青春の迷い道に入ってしまった私は、5教科の追試を受けて、なんとか高校を卒業できた。

卒業延期という処分だったから、最後に一人だけ校長室で校長先生から直接卒業証書を手渡された。ある意味では、贅沢な卒業式だったとも言える。
  卒業に苦労した理由は、何しろいろいろと遊び過ぎて圧倒的に出席日数が足りていなかった。担任のN先生の、あの手この手でに助けられてようやく卒業したのだった。

春に卒業した私は、その年の夏に「人生を見つめなおしてみよう」と思ったのかどうかはわからないが、四国の府中ダムに行くことにした。
 周りには「●大ぐらい行かないのか」と、当時誰でも入ることができたマンモス大学に行くことを勧められたりしたが、そっちの方向にはまったく興味が湧かずブラブラしていた。かといって、釣りを一生懸命やることもせず、本を読んだり音楽を聴いたり、喫茶店に行くことを、何かすごく価値のあるもののように感じていた。
 府中ダムに行こうと思ったのも、釣りに行きたいというより「どこか遠くに行きたい」という気持ちが強かったのだと思う。

手持ちの金に余裕がないので、京都、大阪と裕福な親戚の家に寄り、小遣いをせしめて四国まで渡る計画をたてた。
京都ではうまいこと大げさな熨斗袋に入った小遣いを手に入れ、大阪では帰りの新幹線代をもらった。思いのほかの大収穫だった。
大阪では、千里にある池でへら釣りもした。最初とりあえず底釣りから始めたのだが、しばらくするとウキがムズリと1目盛や2目盛り入ったまま戻ってこない。合わせをくれても何も釣れない。

そこで、当時流行していた「聞き合わせ」をくれてみた。「聞き合わせ」は、ピシッと勢いよく竿を上げるのではなく、「聞く」ように静かな合わせをする。ムクトップを使った釣りやウドンエサでの釣りに有効で、確か「雨月」という繊細なウキを作っていた宇田川さんが始まりだと思う。

その「聞き合わせ」をすると何かがハリ掛かりをした。石を釣ったような感じだが、モゴモゴと動く感じは伝わってくる。水面に顔を出したのは、15cmほどの甲羅を背負ったけっこう大きな亀だった。それからも、亀ばかりが釣れ、8匹も釣ってしまった。
 今のように色のついたミシシッピーアカミミガメではなく黒っぽいクサガメかイシガメのどちらかだったと思う。亀を釣ったのは初めてだった。
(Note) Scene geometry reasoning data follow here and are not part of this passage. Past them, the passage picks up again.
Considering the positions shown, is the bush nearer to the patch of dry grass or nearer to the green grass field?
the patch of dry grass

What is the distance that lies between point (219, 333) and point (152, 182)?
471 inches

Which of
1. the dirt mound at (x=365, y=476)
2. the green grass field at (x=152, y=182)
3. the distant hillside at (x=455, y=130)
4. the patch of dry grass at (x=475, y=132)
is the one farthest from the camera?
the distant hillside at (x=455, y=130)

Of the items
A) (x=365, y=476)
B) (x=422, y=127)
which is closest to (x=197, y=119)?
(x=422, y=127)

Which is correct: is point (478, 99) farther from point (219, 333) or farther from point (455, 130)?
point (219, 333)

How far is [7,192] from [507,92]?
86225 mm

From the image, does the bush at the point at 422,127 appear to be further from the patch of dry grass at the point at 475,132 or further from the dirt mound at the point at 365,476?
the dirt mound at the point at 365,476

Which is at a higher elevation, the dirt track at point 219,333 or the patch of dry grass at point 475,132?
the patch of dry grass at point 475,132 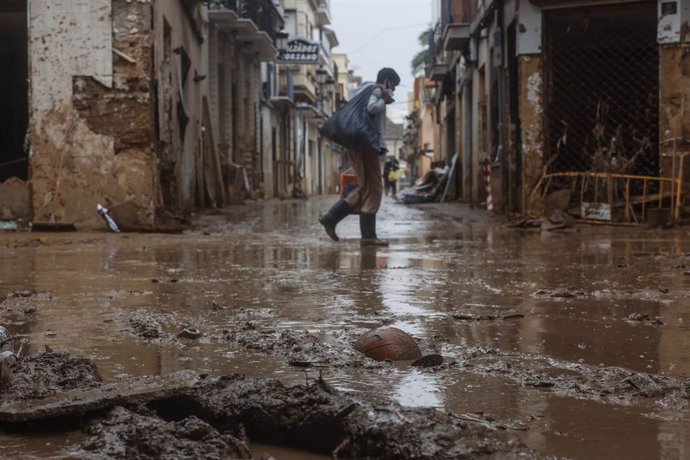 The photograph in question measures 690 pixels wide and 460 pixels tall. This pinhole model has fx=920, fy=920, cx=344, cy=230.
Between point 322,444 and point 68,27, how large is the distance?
369 inches

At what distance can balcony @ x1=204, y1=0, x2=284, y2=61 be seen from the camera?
22.9 m

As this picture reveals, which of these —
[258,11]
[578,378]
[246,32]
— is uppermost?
[258,11]

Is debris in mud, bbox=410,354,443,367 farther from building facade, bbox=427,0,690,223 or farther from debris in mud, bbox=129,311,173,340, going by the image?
building facade, bbox=427,0,690,223

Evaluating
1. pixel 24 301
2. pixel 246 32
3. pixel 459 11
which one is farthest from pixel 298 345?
pixel 246 32

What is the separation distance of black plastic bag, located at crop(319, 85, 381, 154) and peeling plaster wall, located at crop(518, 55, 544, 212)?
5.05 metres

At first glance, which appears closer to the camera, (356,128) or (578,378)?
(578,378)

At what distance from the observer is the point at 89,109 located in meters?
10.5

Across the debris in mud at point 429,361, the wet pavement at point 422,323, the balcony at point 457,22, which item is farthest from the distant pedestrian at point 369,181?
the balcony at point 457,22

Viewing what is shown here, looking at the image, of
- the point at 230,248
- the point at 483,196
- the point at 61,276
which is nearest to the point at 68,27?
the point at 230,248

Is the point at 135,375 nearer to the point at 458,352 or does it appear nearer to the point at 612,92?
the point at 458,352

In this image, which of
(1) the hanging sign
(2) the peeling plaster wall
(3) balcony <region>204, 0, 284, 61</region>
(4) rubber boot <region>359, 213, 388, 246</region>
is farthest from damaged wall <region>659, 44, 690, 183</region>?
(1) the hanging sign

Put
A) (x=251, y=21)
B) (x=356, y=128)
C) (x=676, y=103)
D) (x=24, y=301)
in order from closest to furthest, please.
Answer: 1. (x=24, y=301)
2. (x=356, y=128)
3. (x=676, y=103)
4. (x=251, y=21)

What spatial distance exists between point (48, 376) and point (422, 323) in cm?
167

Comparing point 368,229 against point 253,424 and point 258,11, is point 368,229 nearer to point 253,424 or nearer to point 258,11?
point 253,424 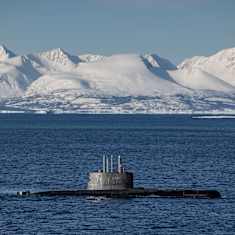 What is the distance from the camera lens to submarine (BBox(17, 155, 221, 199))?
74938 millimetres

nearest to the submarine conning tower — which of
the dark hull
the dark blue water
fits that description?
the dark hull

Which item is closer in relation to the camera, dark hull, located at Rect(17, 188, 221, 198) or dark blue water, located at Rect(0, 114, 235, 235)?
dark blue water, located at Rect(0, 114, 235, 235)

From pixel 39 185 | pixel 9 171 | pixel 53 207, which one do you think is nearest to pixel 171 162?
pixel 9 171

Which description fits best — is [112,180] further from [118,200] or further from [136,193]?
[118,200]

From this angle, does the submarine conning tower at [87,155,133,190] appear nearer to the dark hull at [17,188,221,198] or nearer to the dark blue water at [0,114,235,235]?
the dark hull at [17,188,221,198]

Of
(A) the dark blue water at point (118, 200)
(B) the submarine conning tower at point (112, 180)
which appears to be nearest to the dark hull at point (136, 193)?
(B) the submarine conning tower at point (112, 180)

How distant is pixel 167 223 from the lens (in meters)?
64.6

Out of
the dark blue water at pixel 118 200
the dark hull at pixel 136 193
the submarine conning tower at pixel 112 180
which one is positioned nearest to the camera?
the dark blue water at pixel 118 200

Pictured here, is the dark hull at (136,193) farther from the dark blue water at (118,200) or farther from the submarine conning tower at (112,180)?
the dark blue water at (118,200)

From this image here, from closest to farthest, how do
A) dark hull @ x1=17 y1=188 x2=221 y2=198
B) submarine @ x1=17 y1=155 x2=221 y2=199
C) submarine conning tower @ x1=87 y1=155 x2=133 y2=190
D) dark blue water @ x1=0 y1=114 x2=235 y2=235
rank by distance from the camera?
dark blue water @ x1=0 y1=114 x2=235 y2=235
dark hull @ x1=17 y1=188 x2=221 y2=198
submarine @ x1=17 y1=155 x2=221 y2=199
submarine conning tower @ x1=87 y1=155 x2=133 y2=190

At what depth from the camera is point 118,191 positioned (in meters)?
74.9

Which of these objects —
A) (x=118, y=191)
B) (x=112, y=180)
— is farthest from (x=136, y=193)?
(x=112, y=180)

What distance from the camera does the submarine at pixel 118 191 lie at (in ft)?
246

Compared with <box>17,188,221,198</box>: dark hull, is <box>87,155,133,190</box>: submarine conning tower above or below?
above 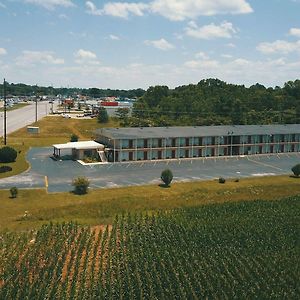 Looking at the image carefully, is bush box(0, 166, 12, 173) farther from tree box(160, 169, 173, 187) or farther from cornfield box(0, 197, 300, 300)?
cornfield box(0, 197, 300, 300)

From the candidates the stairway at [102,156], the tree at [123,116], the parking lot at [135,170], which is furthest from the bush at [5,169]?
the tree at [123,116]

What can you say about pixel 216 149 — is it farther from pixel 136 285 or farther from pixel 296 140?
pixel 136 285

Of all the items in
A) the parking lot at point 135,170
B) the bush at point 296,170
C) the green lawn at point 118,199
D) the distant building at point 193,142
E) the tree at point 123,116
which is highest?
the tree at point 123,116

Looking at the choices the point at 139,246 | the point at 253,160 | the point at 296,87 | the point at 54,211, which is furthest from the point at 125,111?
the point at 139,246

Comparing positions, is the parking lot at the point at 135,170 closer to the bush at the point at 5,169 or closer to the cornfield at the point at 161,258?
the bush at the point at 5,169

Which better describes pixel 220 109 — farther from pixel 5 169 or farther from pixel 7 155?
pixel 5 169

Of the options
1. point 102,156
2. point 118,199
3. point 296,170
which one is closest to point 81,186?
point 118,199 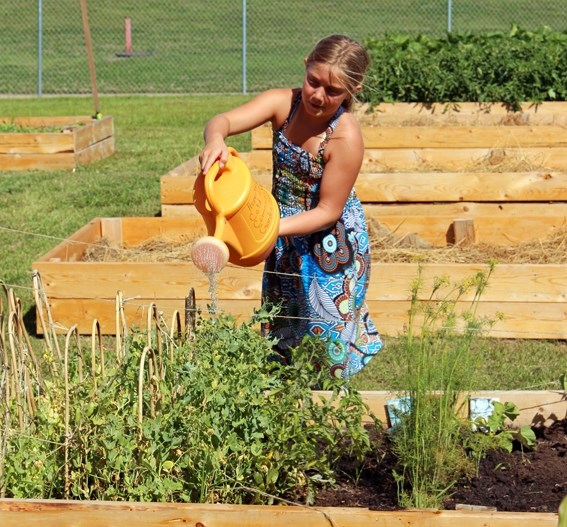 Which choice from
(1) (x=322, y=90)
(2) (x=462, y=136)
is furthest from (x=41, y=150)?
(1) (x=322, y=90)

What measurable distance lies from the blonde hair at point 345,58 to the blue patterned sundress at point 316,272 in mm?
183

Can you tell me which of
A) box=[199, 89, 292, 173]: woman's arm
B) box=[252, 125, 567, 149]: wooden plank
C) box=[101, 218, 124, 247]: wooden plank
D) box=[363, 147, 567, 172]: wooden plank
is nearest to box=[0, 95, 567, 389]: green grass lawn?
box=[101, 218, 124, 247]: wooden plank

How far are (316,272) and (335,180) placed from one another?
0.36m

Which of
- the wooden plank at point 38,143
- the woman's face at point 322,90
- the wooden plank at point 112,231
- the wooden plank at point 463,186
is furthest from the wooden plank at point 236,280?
the wooden plank at point 38,143

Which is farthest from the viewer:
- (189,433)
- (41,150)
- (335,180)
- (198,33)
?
(198,33)

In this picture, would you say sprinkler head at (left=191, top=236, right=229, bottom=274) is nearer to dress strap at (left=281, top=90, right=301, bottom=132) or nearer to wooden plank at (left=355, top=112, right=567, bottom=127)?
dress strap at (left=281, top=90, right=301, bottom=132)

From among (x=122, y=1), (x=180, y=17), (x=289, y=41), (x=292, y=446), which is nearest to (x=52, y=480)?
(x=292, y=446)

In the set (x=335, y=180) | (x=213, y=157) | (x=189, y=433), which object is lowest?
(x=189, y=433)

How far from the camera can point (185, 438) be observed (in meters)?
2.94

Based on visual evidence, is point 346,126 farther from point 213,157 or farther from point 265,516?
point 265,516

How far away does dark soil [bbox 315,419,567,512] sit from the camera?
3109mm

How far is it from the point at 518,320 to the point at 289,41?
19.9 m

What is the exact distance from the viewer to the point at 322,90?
10.8ft

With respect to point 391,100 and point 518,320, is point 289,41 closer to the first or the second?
point 391,100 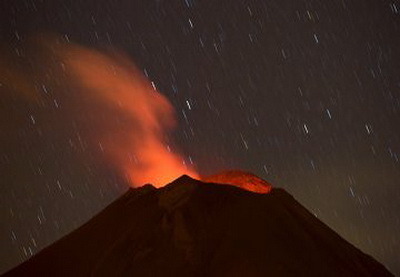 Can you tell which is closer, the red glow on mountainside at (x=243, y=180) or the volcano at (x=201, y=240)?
the volcano at (x=201, y=240)

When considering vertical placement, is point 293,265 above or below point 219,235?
below

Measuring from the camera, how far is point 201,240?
51312 mm

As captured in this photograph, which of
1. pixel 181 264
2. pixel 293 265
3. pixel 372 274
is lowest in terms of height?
pixel 372 274

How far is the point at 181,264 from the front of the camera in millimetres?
47344

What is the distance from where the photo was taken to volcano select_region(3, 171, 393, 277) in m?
47.2

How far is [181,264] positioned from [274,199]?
16.8 meters

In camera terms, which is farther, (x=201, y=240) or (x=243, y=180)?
(x=243, y=180)

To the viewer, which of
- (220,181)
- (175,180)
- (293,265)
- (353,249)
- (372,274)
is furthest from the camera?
(220,181)

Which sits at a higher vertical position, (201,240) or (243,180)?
(243,180)

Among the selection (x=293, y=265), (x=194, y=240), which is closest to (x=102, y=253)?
(x=194, y=240)

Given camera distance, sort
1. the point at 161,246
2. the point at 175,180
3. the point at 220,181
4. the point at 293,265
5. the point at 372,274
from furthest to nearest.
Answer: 1. the point at 220,181
2. the point at 175,180
3. the point at 372,274
4. the point at 161,246
5. the point at 293,265

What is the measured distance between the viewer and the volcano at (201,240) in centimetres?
4725

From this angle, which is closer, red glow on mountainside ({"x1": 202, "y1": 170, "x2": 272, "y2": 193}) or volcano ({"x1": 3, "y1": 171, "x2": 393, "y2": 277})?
volcano ({"x1": 3, "y1": 171, "x2": 393, "y2": 277})

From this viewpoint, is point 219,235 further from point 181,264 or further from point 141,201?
point 141,201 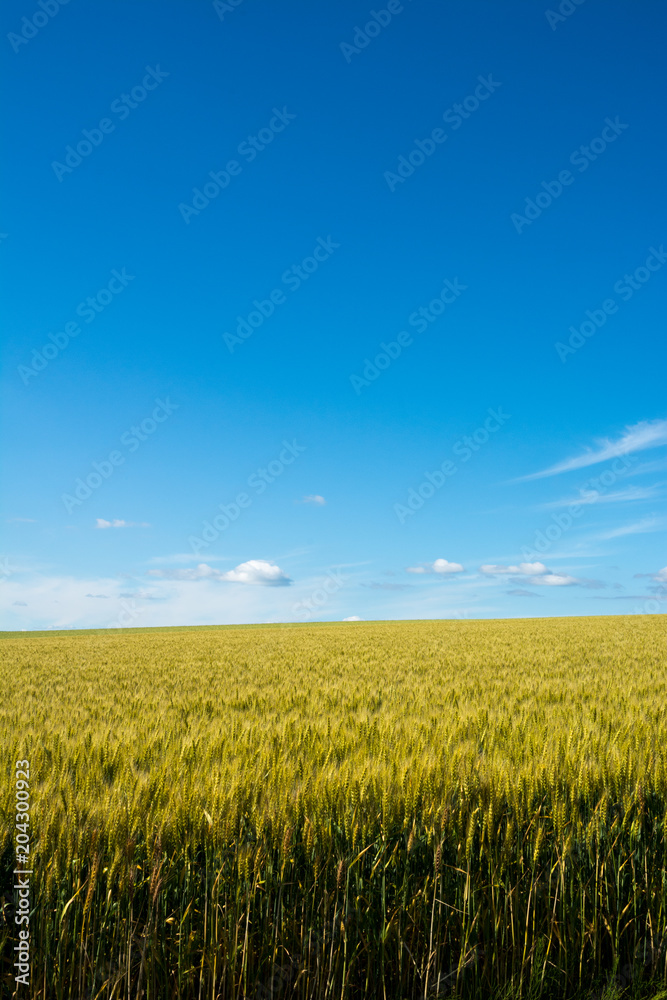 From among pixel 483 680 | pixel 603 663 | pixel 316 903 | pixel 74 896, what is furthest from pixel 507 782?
pixel 603 663

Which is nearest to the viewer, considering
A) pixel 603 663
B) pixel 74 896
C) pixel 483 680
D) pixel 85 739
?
pixel 74 896

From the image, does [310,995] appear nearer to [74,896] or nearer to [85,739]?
[74,896]

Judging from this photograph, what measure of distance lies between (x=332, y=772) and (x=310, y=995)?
84 centimetres

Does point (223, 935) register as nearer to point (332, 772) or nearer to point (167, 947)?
point (167, 947)

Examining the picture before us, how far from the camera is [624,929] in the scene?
256 cm

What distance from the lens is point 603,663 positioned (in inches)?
400

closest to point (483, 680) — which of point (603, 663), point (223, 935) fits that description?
point (603, 663)

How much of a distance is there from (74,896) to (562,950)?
2.01 m

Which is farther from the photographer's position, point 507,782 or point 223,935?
point 507,782

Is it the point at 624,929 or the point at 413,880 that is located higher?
the point at 413,880

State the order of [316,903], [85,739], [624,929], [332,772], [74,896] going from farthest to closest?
1. [85,739]
2. [332,772]
3. [624,929]
4. [316,903]
5. [74,896]

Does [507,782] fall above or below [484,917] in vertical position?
above

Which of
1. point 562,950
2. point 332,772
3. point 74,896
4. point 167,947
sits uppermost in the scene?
point 332,772

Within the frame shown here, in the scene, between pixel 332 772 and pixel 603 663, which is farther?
pixel 603 663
神戸からフェリーに乗って高松に渡ったのは、亀を釣った翌々日だった。

宿を予約しているわけでもないので、安いビジネスホテルを見つけ泊まる事にした。
 聞いてみると、府中ダムに行くには高松から電車に乗りさらに車での移動が必要だった。地元では満濃池とも言うらしい。

もともと府中ダムに来てみようと思ったのは、たまに顔を出していた釣具店の店主から「四国にへらのたくさん釣れるダムがある。ただしブルーギルという魚がウジャウジャいるのでエサを固めに作ってピンポン玉ぐらいの大きさにして、ブルーギルのいる層を突き破らなければ釣れないんだ」と言われたからだ。

どうやって府中ダムまで行くかいろいろ考えたが、街をぶらぶらしている時にタクシーの運転手さんに声をかけられた。その時は、もう宿を決めていたので釣り道具などは持っていない。それでも地元民ではないという雰囲気が出ていて、観光客だと思われたのだろう。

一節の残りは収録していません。